24 março 2006

Una larga noche

Trinta anos atrás, na madrugada de 24 de março de 1976, uma junta militar ocupou a Casa Rosada, prendeu a Presidente Isabela Perón, e deu início à última ditadura militar da Argentina. É assim mesmo que os argentinos se referem ao período, a "última ditadura militar" - um lembrete de que a história local é repleta de golpes de estado, 1976 foi apenas o mais recente, e um suspiro de esperança de que essa história não se repita.

Há alguns fatores em comum entre os últimos regimes militares no Brasil e na Argentina. Em ambos os casos, o deposto era um vice que ocupava a presidência devido a alguma tragédia - a morte de Perón no caso argentino, a estupidez de Jânio no caso brasileiro. Em ambos os casos, o deposto não correspondia ao peso de suas novas responsabilidades, abrindo um vácuo de poder que seria ocupado por fardados armados paranóicos embuídos de um sentido de missão que consideravam quase divina: eliminar os "subversivos" do país e alcançar um grau de desenvolvimento que consideravam impossível para civis corrompidos pela política. Esqueçam as teorias de conspiração que aprenderam no segundo grau, a longa noite latino-americana foi gerada em nossas próprias sociedades.

Acho que a diferença entre matar 3.000 e 30.000 é meramente quantitativa, não qualitativa - o pecado é tão grande que não permite gradações. De qualquer forma, é consenso que a ditadura argentina foi ainda pior que a brasileira, matou mais e não tinha certos pudores no exercício do poder, como manter o Congresso aberto. Como conseqüência, enquanto nossa transição para democracia foi "lenta, gradual e segura", a Argentina sofreu um processo mais abrupto, catalizado pela Guerra das Malvinas, muito mais rancoroso, com muito mais dor.

Ao contrário do Brasil, onde até mesmo aqueles que foram torturados pela ditadura e estão hoje no poder resistem a divulgar as pilhas de documentos secretos que poderiam levar a uma caça às bruxas, aqui as violações sistemáticas de Direitos Humanos cometidas pela ditadura militar são consideradas crimes contra a humanidade, não prescrevem. Conversando com meus colegas argentinos, fica claro que a questão é extremamente delicada. Chegam a baixar a voz ao falar do assunto. Um verdadeiro tabu, especialmente para aqueles que têm parentes militares. Há uma espécie de sentimento de culpa coletiva no ar, da mesma forma que alemães que nasceram depois da guerra não falam sobre Hitler.

Há poucas semanas, o 24 de março foi declarado feriado nacional - hoje é a primeira vez que a data é "celebrada". A maioria dos feriados na Argentina faz referência à morte de algum herói nacional, mas houve alguma polêmica se a data do golpe deveria ser lembrada com uma folga do trabalho.
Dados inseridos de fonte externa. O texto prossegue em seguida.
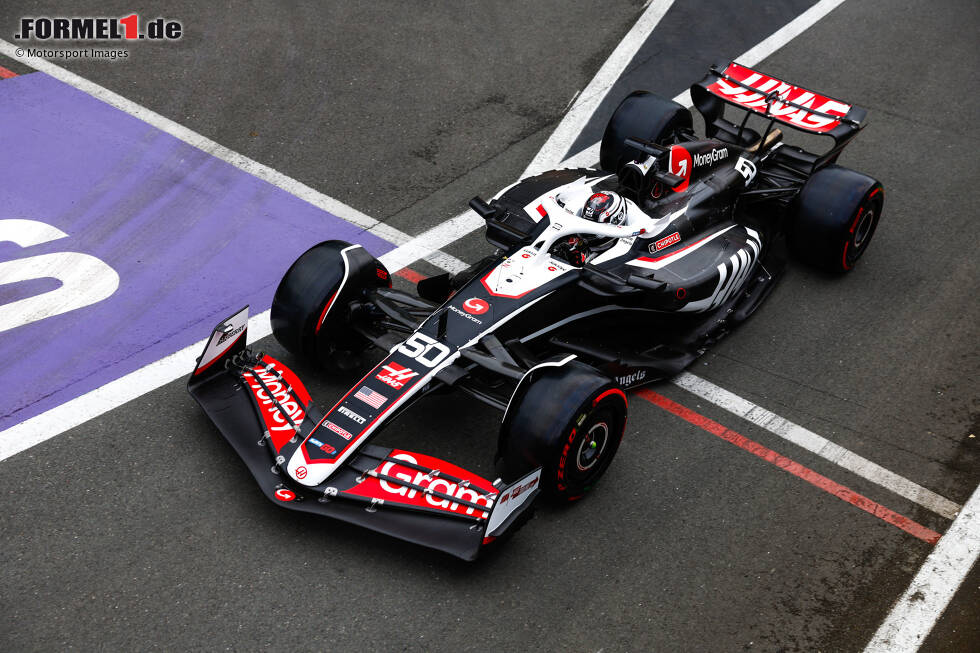 Foto zur News: ... in der Formel 1 sitzt Bearman für Haas im VF-24, und das beim Aserbaidschan-Grand-Prix in Baku. Der Grund dieses Mal: Haas-Stammfahrer Kevin Magnussen ist gesperrt, das Team braucht Ersatz. Bearman schlägt sich wieder gut und erzielt mit P10 einen weiteren Punkt.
Mas mesmo as Avós da Praça de Maio vieram a apoiar a iniciativa do governo, com o entendimento de que o feriado não é um dia de comemoração, mas um dia para luto.

Me pergunto se a abordagem argentina, expurgar os pecados da ditadura militar com rancor e dor, não é melhor que nossa anistia ampla e irrestrita. Certas coisas não podem ser esquecidas, sob pena de se repetirem.